Mass-casualty situations are a specialty of the center, which has 581 beds and serves as the teaching hospital for the university's medical school, said spokeswoman Susan Wyatt.
UT Medical Center handled a similar emergency in September 2012, when another church bus crashed in Sevier County near Knoxville. Two people were killed and 12 injured in that accident.

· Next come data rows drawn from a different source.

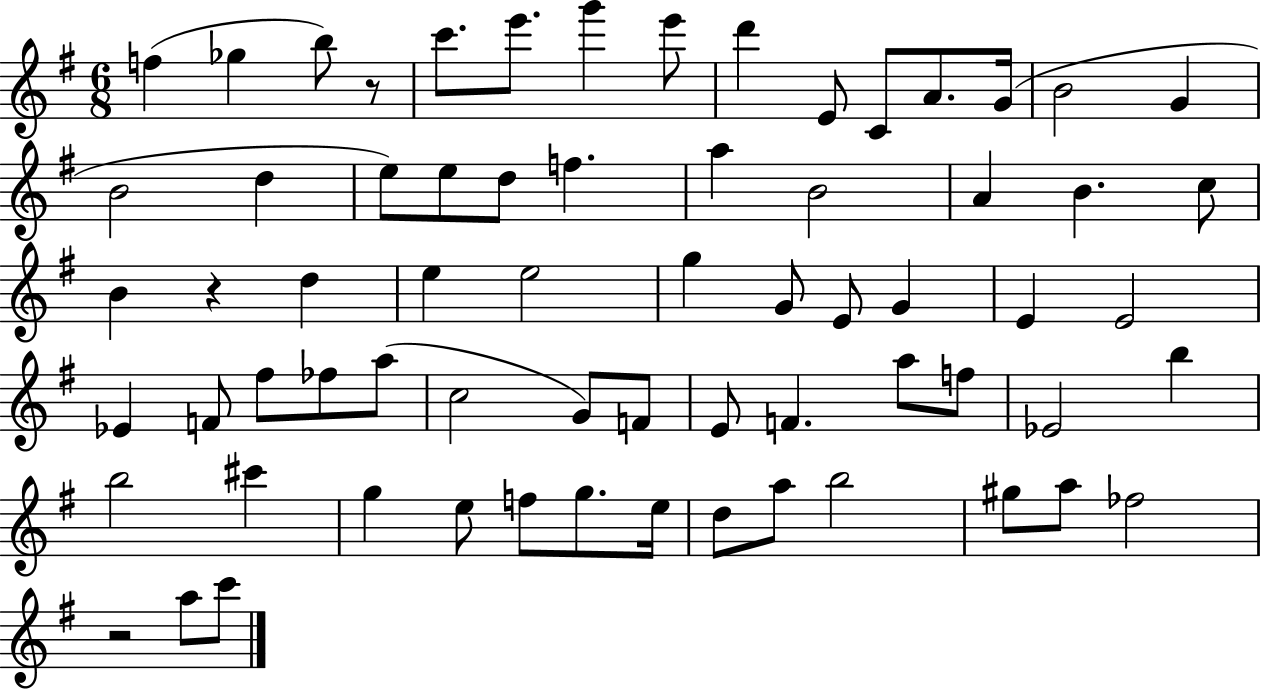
F5/q Gb5/q B5/e R/e C6/e. E6/e. G6/q E6/e D6/q E4/e C4/e A4/e. G4/s B4/h G4/q B4/h D5/q E5/e E5/e D5/e F5/q. A5/q B4/h A4/q B4/q. C5/e B4/q R/q D5/q E5/q E5/h G5/q G4/e E4/e G4/q E4/q E4/h Eb4/q F4/e F#5/e FES5/e A5/e C5/h G4/e F4/e E4/e F4/q. A5/e F5/e Eb4/h B5/q B5/h C#6/q G5/q E5/e F5/e G5/e. E5/s D5/e A5/e B5/h G#5/e A5/e FES5/h R/h A5/e C6/e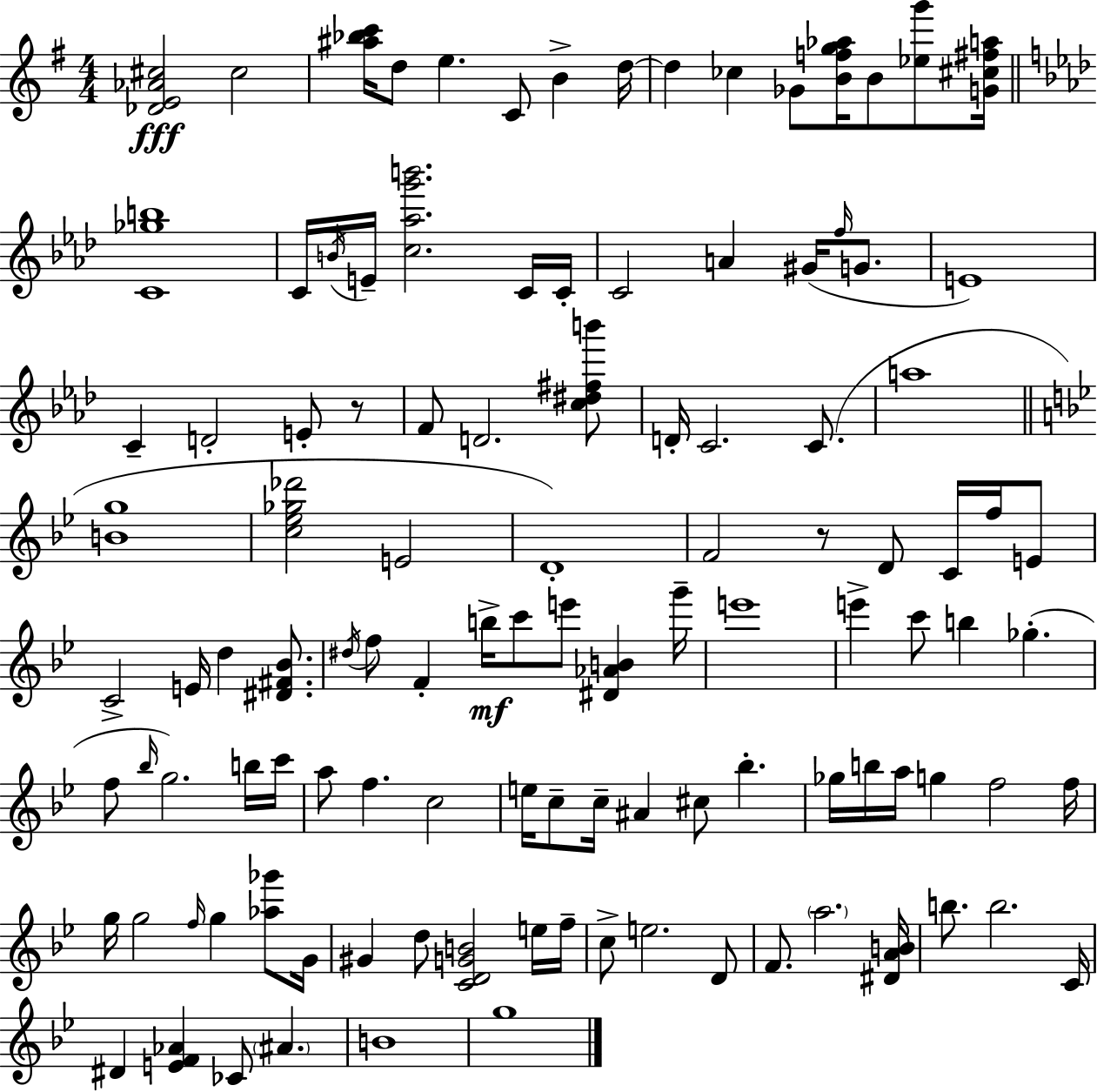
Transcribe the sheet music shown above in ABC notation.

X:1
T:Untitled
M:4/4
L:1/4
K:G
[_DE_A^c]2 ^c2 [^a_bc']/4 d/2 e C/2 B d/4 d _c _G/2 [Bfg_a]/4 B/2 [_eg']/2 [G^c^fa]/4 [C_gb]4 C/4 B/4 E/4 [c_ag'b']2 C/4 C/4 C2 A ^G/4 f/4 G/2 E4 C D2 E/2 z/2 F/2 D2 [c^d^fb']/2 D/4 C2 C/2 a4 [Bg]4 [c_e_g_d']2 E2 D4 F2 z/2 D/2 C/4 f/4 E/2 C2 E/4 d [^D^F_B]/2 ^d/4 f/2 F b/4 c'/2 e'/2 [^D_AB] g'/4 e'4 e' c'/2 b _g f/2 _b/4 g2 b/4 c'/4 a/2 f c2 e/4 c/2 c/4 ^A ^c/2 _b _g/4 b/4 a/4 g f2 f/4 g/4 g2 f/4 g [_a_g']/2 G/4 ^G d/2 [CDGB]2 e/4 f/4 c/2 e2 D/2 F/2 a2 [^DAB]/4 b/2 b2 C/4 ^D [EF_A] _C/2 ^A B4 g4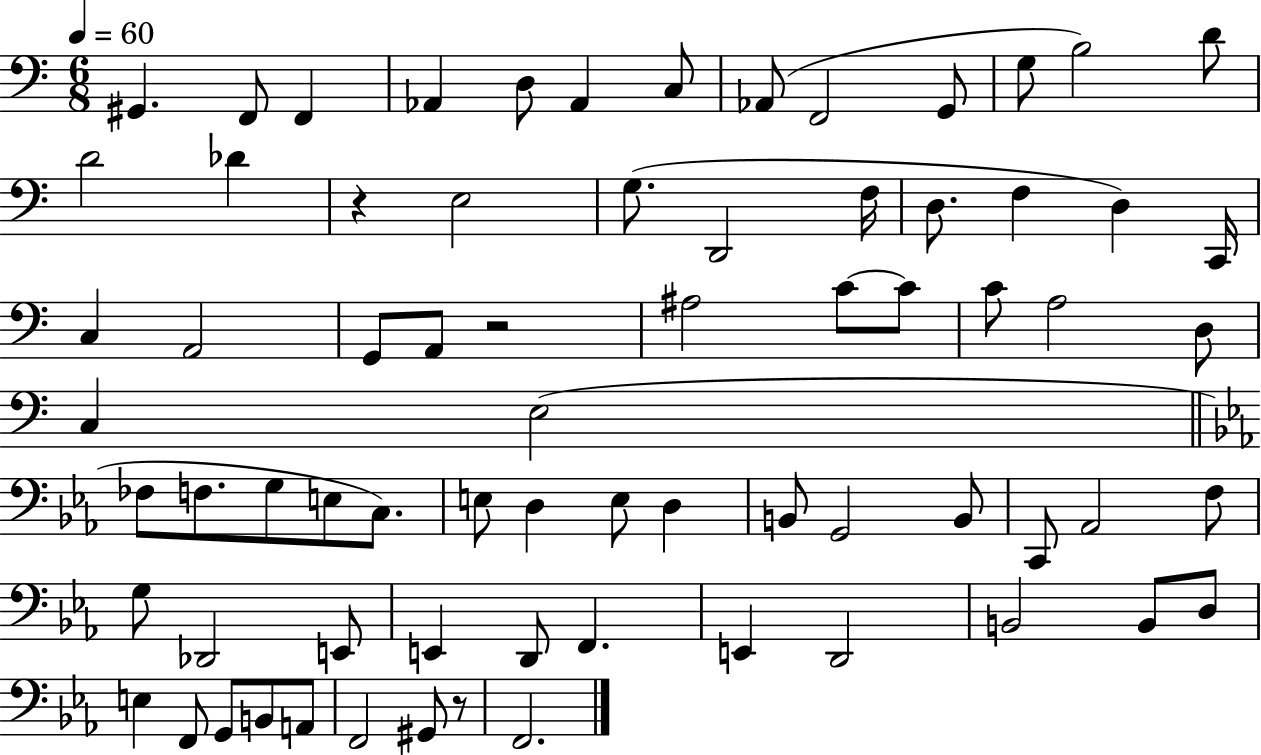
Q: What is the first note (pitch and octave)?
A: G#2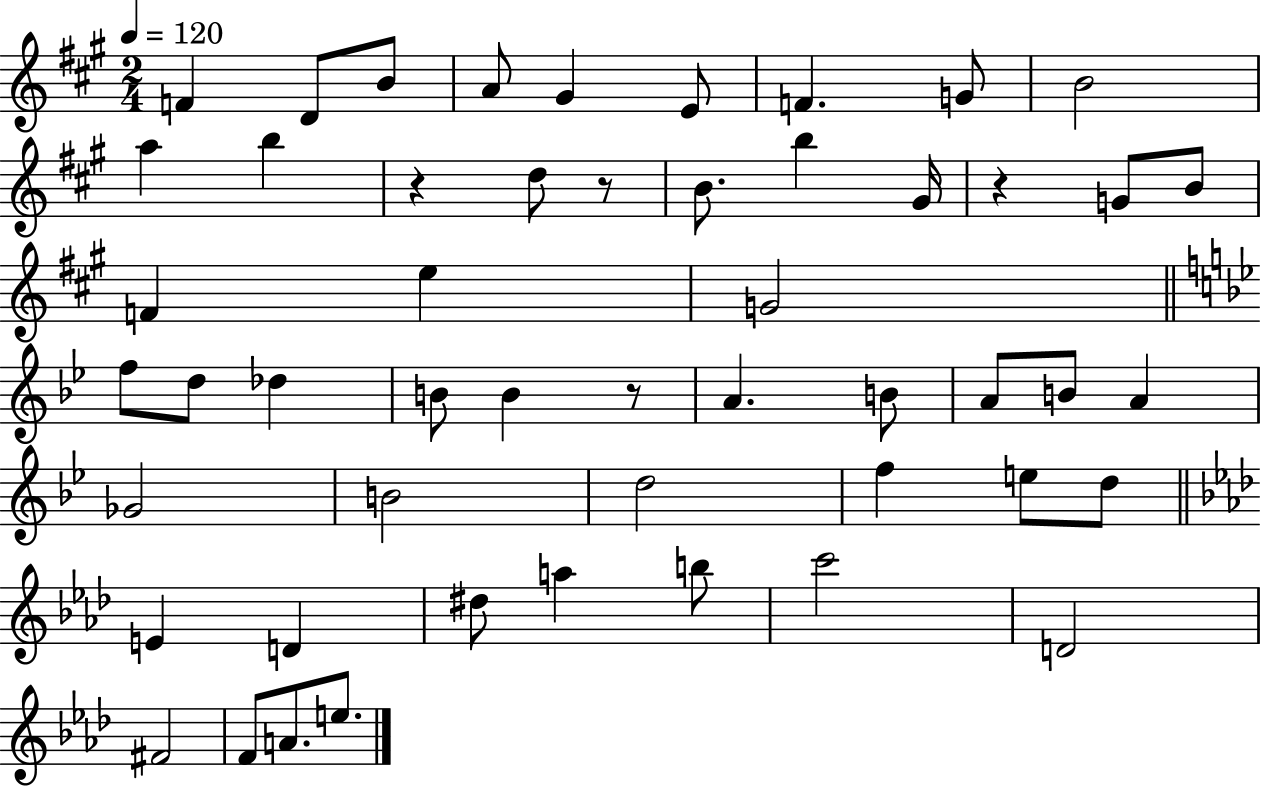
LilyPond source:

{
  \clef treble
  \numericTimeSignature
  \time 2/4
  \key a \major
  \tempo 4 = 120
  f'4 d'8 b'8 | a'8 gis'4 e'8 | f'4. g'8 | b'2 | \break a''4 b''4 | r4 d''8 r8 | b'8. b''4 gis'16 | r4 g'8 b'8 | \break f'4 e''4 | g'2 | \bar "||" \break \key bes \major f''8 d''8 des''4 | b'8 b'4 r8 | a'4. b'8 | a'8 b'8 a'4 | \break ges'2 | b'2 | d''2 | f''4 e''8 d''8 | \break \bar "||" \break \key f \minor e'4 d'4 | dis''8 a''4 b''8 | c'''2 | d'2 | \break fis'2 | f'8 a'8. e''8. | \bar "|."
}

Wednesday's crash was the deadliest in Tennessee since a December 1990 pile-up on I-75 that killed 12 after dense fog cut visibility to near-zero. In May 1972, 14 people were killed near Morristown, Tenn., when a passenger bus hit a tractor-trailer head-on.
Jefferson County, in the foothills of the Smoky Mountains east of Knoxville, has a population of about 51,000 and an area of 314 square miles, more than 10 percent of which is lakes. Its sheriff's department has a force of about 40.
Dandridge, the county seat and the second-oldest city in Tennesse, is a town of 2,700 about five miles from where the crash occurred.
Early Friday, someone placed a series of seven white crosses at the scene of the crash near mile marker 423. They bore the inscription of John 3:15, "Everyone who believeth in Him shall have everlasting life."